== Your task ==
Leaving the pictures out, transcribe the records below exactly.

== The data ==
- - -

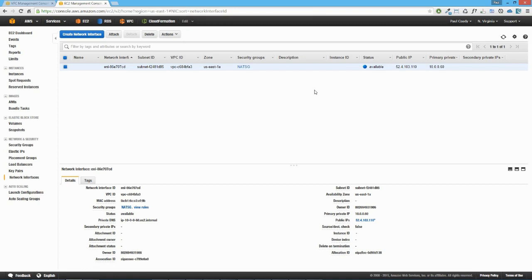That brings us to the end of the first part of this lab. In the next lesson, we'll look at creating a new NAT instance of the HVM virtualization type, and after creating it, grab this elastic network interface and attach it to that new NAT instance. See you in the next lesson.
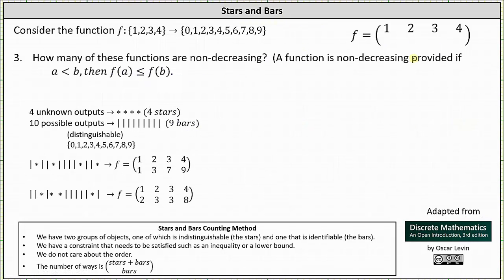Using the stars and bars method, because we have four unknown outputs, we have four stars, and because there are 10 possible distinguishable outputs, we have nine bars. Remember, the number of bars is always one less than the number of distinguishable objects, or in this case, distinguishable outputs. Each bar represents a switch from one output to the next, which is why if we have 10 possible outputs, we have nine bars. Every string of length 13 with four stars and nine bars will represent one non-decreasing function.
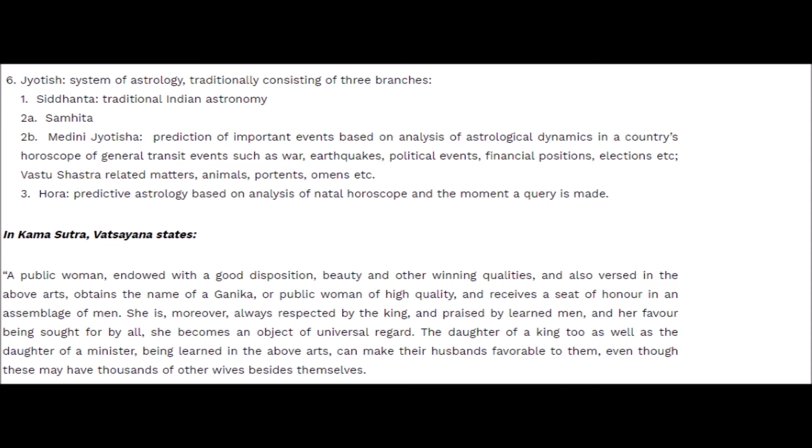The second category is Medini Jyotisha. Kashmir was headquarters for Kashmiri Pandits who developed this knowledge, and those scriptures still exist at Pari Mahal. Under Medini Jyotisha, there is prediction of important events based on astrological dynamics in a country's horoscope - events like war, earthquakes, and natural disasters. Also included is Vastu Shastra, relating to building structure, how an entrance should be made, where cooking should be done.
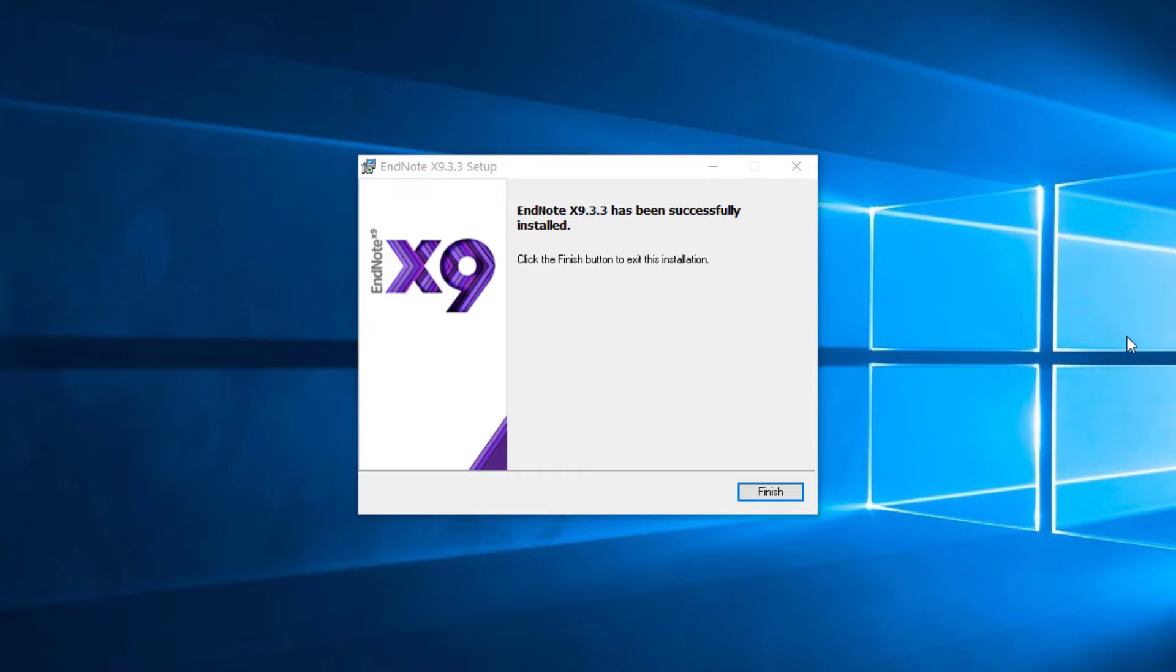This video will be showing EndNote X9 for Windows and Windows 10 as our example operating environment. However, most of this advice would apply to other recent versions of EndNote, Microsoft Office, and Microsoft Windows.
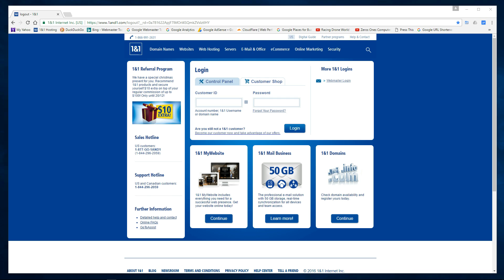Hi, my name is John and welcome to another Zeros Ones video. In this video I'm going to show you how to set up an SSL certificate on your Linux shared hosting WordPress site.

- - -

== Written answer ==
That brings us to the end of the first part of this lab. In the next lesson, we'll look at creating a new NAT instance of the HVM virtualization type, and after creating it, grab this elastic network interface and attach it to that new NAT instance. See you in the next lesson.
Using the stars and bars method, because we have four unknown outputs, we have four stars, and because there are 10 possible distinguishable outputs, we have nine bars. Remember, the number of bars is always one less than the number of distinguishable objects, or in this case, distinguishable outputs. Each bar represents a switch from one output to the next, which is why if we have 10 possible outputs, we have nine bars. Every string of length 13 with four stars and nine bars will represent one non-decreasing function.
The second category is Medini Jyotisha. Kashmir was headquarters for Kashmiri Pandits who developed this knowledge, and those scriptures still exist at Pari Mahal. Under Medini Jyotisha, there is prediction of important events based on astrological dynamics in a country's horoscope - events like war, earthquakes, and natural disasters. Also included is Vastu Shastra, relating to building structure, how an entrance should be made, where cooking should be done.
This video will be showing EndNote X9 for Windows and Windows 10 as our example operating environment. However, most of this advice would apply to other recent versions of EndNote, Microsoft Office, and Microsoft Windows.
Hi, my name is John and welcome to another Zeros Ones video. In this video I'm going to show you how to set up an SSL certificate on your Linux shared hosting WordPress site.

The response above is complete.